It is important to keep your gloves, safety goggles, and apron on.  Until the area is completely neutralized and cleaned, you do not want to take any chances.

Since soap making is caustic you will want to ensure that your work area is properly cleaned when you are finished making your soaps.  We recommend that the first step in cleaning is to neutralize the area first with vinegar.  The next step will be to wipe the area down with hot soapy water, then rinse.

When washing your soaping utensils/equipment, you will also want to use hot soapy water.  Since the lye solution will still be caustic you will also want to add vinegar to your soapy water to neutralize this.  Rinse and dry your utensils and equipment.  Store all soaping supplies together and out of the reach of children and pets.

If you have designated rags specifically for soaping, you will want to wash them by hand.  Once you are finished with your soaping rags, place them in a vinegar and water solution to soak.  This will neutralize any active lye.  Once they have soaked for awhile, place the rags in hot soapy water and give them a good jostle, making sure that the soapy water is thoroughly getting all over the rag.  Then let the rags soak a little while longer.  Then, get rid of the soapy water, and rinse the rags out.  You know all of the soap is off once the bubbles stop forming and the water rinsing through the rag is clear.  Wring out any excess water, and hang dry.  Place with other soaping materials when finished.

Disposal of lye solution:

If your work area has a septic tank, you do not want to pour it down the drain or flush it down the toilet.  The best suggestion that we have is to use your lye solution in a “false batter”.  Mix your lye solution with vegetable oil.  You are looking for just the right amount to get trace when you stick blend it.  Once trace is established, simply take your spatula, and dump it right into a garbage bag.  Allow the soap batter to set up, then take it to your trash container and dispose of it.   Do not attempt to dispose of the soap batter while it is still fluid; the bag could break and spill the soap batter all over your garbage container.

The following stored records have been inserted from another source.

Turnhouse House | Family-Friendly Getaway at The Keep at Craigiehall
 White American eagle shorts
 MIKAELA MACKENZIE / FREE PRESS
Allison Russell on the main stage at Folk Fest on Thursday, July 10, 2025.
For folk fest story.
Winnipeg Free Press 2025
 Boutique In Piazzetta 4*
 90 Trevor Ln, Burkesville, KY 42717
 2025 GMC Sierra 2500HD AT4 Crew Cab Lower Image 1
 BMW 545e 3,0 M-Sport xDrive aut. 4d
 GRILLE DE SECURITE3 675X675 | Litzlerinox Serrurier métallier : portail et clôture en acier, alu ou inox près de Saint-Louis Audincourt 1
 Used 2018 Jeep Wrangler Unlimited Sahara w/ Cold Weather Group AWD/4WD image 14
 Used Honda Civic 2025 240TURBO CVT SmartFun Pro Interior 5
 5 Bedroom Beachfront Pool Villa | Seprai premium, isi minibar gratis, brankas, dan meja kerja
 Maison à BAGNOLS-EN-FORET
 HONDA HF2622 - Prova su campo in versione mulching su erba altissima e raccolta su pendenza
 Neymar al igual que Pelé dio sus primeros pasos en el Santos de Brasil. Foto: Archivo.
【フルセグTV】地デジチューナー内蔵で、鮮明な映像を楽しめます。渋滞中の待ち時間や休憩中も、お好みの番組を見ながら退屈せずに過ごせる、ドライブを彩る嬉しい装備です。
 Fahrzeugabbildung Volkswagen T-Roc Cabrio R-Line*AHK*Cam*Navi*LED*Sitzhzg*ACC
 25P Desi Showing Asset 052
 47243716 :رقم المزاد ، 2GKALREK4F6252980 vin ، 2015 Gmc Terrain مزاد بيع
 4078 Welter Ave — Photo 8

Checking your soap for pH safety:

There are various ways to check your cured or curing bars for their safety of use.  You never want to use or sell a bar of soap that has not cured completely.  An uncured bar means that there is still active lye solution in your soap.  Washing with this soap could result in very serious skin irritation and even burns.

The first and best way to check whether your cp bars are cured is to pH strip them.  Using this method is concrete.  If the number that you get from the pH strip does not fall between the correct range, then, the soap still needs a little more cure time.

The pH scale ranges from 0-14.  The pH scale measures the amount of acidity or alkalinity a substance has.  If the number falls between 0-6, then your substance is an acid.  If the number falls between 8-14, then your substance is a base.  If the number is 7, then it is a neutralized substance.

Soap is a base, because of the lye solution used.  The range that you are seeking to see if your cp bars have cured is 8.5-10.5.  Please note that the 10.5 pH level is for that of industrial strength soap.  8.5 is the typical ph for homemade soap that is used on the body.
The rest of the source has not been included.